### [Your goal]
Repeat the listing below exactly from the line with "While the recoil" through its last line. Skip every picture.

### [Collected material]
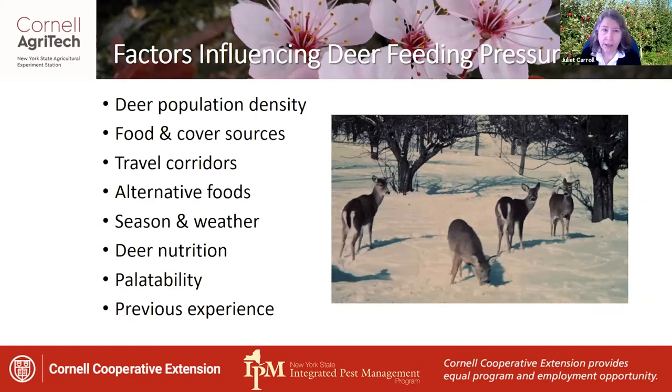What are the factors that influence deer feeding pressure? Certainly their population density — if you have many deer in the wintertime near your orchard, it is very likely that you're going to have browse injury occurring, unless you have fencing up. Does the deer herd have food and cover sources near the apple orchard, and if so, could you eliminate some of those? Did you plant your orchard right next to or over a historic travel corridor for this herd of deer? That's not a good idea.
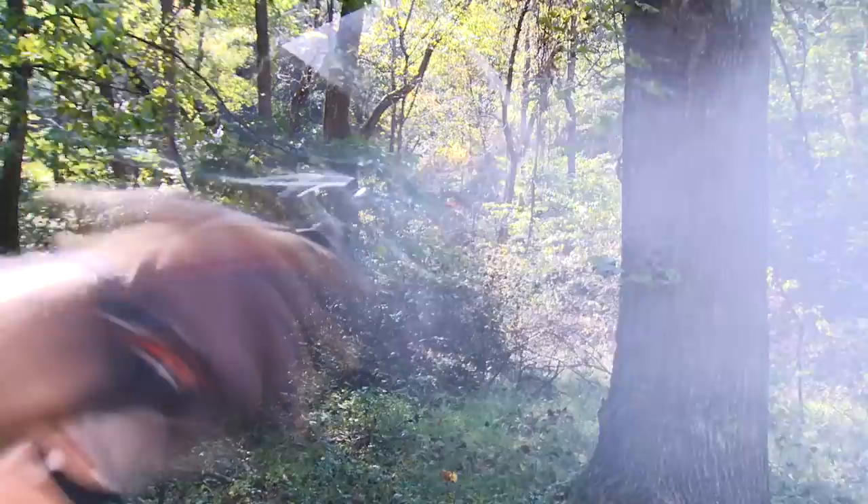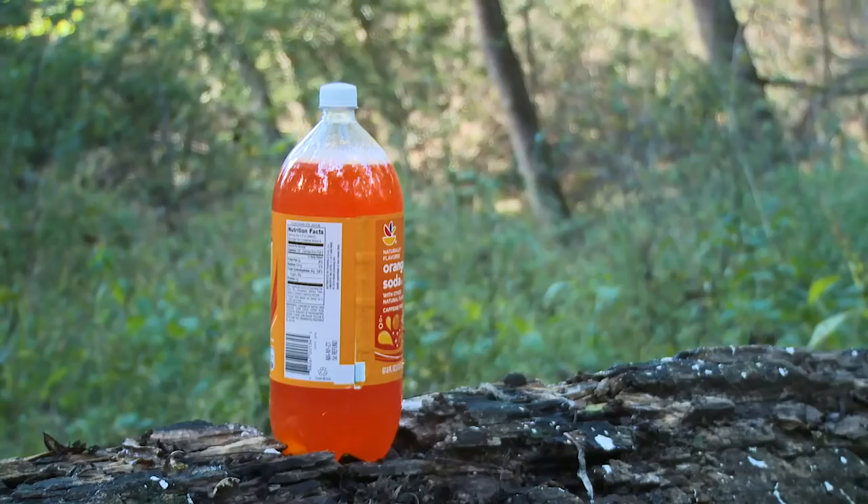While the recoil is stout, it's definitely manageable. If you can handle the .44 mag loaded to its limits, you can definitely handle a .45 Colt.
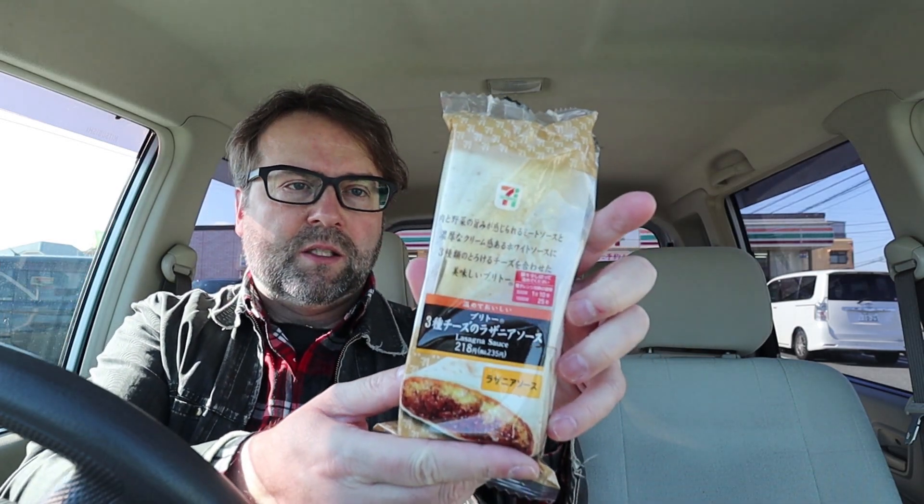First of all, I got this — it's a burrito, but for those of you who can read here, it's actually a lasagna burrito. It's got three types of cheese as well as a lasagna sauce. I asked her to heat it up just a little, but it feels quite warm. Usually they sort of tear part of it to let the steam out, but I don't really see where she did that.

### [Reply to the exercise]
While the recoil is stout, it's definitely manageable. If you can handle the .44 mag loaded to its limits, you can definitely handle a .45 Colt.
First of all, I got this — it's a burrito, but for those of you who can read here, it's actually a lasagna burrito. It's got three types of cheese as well as a lasagna sauce. I asked her to heat it up just a little, but it feels quite warm. Usually they sort of tear part of it to let the steam out, but I don't really see where she did that.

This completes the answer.